Metal Gear Rising: Blade Wolf
Raiden’s sword-wielding, ‘zan-datsu’ performing antics have certainly impressed, carving out a new mythology that runs alongside that of the Metal Gear Solid series. MGR is all about expanding rather than replacing, building on the lore that Hideo Kojima and his team spent years developing. What might surprise you however, is that while the first piece of downloadable content for Rising focused on the exploits of Jetstream Sam, this latest (and presumably last) offering has you seizing control of something altogether different, indeed less than human. His name is LQ-84i… these days better known as Blade Wolf.
If you loved Metal Gear Rising enough to consider diving in once again, then the next thing to decide is whether or not you find an hour of gameplay substantial. Like Jetstream, Blade Wolf is given no fresh areas to explore, being tasked instead by Mistral to stalk through remixed (or lazily reversed) regions that you’ll have already sliced your way through as Raiden. Around a third of this story takes place in the VR simulator, but at least they’re not nearly as yellow as the optional VR missions themselves, which can be found scattered about the main regions if you take the time to explore.
What you’re getting is a prequel chapter that delves just that little bit deeper into the relationship between Wolf and Mistral – the red-haired, multi-armed vixen of the Desperado team. Themes such as Wolf’s struggle with human concepts as well as his obvious desire to attain his own kind of freedom are explored, which actually makes some of his actions in the main campaign easier to digest. There aren’t too many cutscenes, but at least the download tries harder to engage than Jetstream did a month or so back. You’ll get a sense that it’s an area that was genuinely worth exploring and if anything, it may have served as a successful experiment should Platinum Games decide to make him a playable character in a sequel.

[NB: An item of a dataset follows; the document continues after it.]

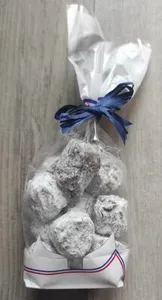Truffes aux éclats de caramel d' isigny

There’s no escaping the K-9 unit’s lack of strength (not that you’d have known it during his boss encounter in the main storyline), as three hits are enough to put him down on the normal difficulty mode. Stealth is an absolute must, as was clearly the intention if the grading after each location is anything to go by. It’s not a mechanic that’s especially fleshed out, but it’s functional enough that it can be used to thin the herd before all-out war ensues. The game expects you to have played and completed Metal Gear Rising, demanding a good degree of skill on anything other than easy mode. There’s no tinkering with Blade Wolf himself, though points earned can be used to upgrade Raiden in the main game.
Stealing power cells from cybernetic spines must be par for the course for high-level cyborgs of the near future, as it’s a trend that continues for both Sam and Wolf. Chainsawing enemies to pieces is great fun, if not quite as satisfying as it was with a high-frequency blade. Throwing knives and grenades boost the suitably basic arsenal, which you’ll want to use on occasion when the going gets tough. You might experience occasional stutters during these moments, but it’s never intrusive enough to become a major issue. The reused environments are among the most visually pleasing from the campaign, plus a new foe makes for a unique and thoroughly enjoyable boss battle.
Blade Wolf has tried its hand at something different, encouraging stealthy kills over the usual full-frontal assault. Still, by clocking in at around an hour on a first playthrough it’s anything but a must-own, even if the approximate five pound/seven dollar price seems right for the work that’s been put in. The length won’t win over the more casual players, but for those who still can’t get enough of Metal Gear Rising, Blade Wolf serves as a welcome slice of cyber-dog action.